## Problem details:
Repeat every line of the data exactly; no picture belongs in the copy.

## Data extract:

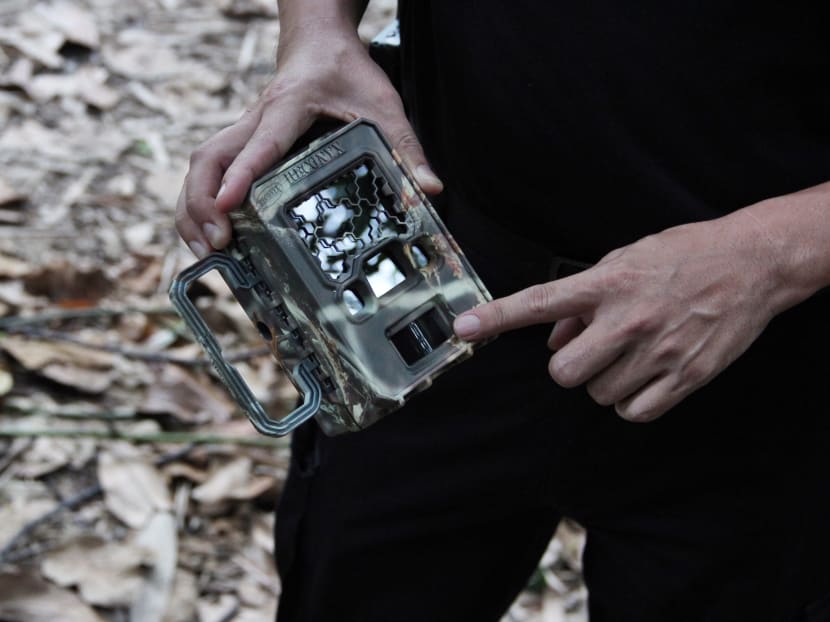 Rat infestation: AVA to continue with stray dog control operations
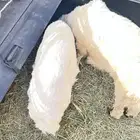 طليان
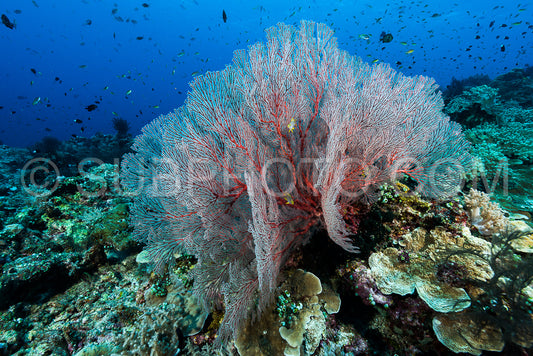 sea fan or gorgonian on the slope of a coral reef with visible water surface and fish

## Exercise solution:
 Rat infestation: AVA to continue with stray dog control operations
 طليان
 sea fan or gorgonian on the slope of a coral reef with visible water surface and fish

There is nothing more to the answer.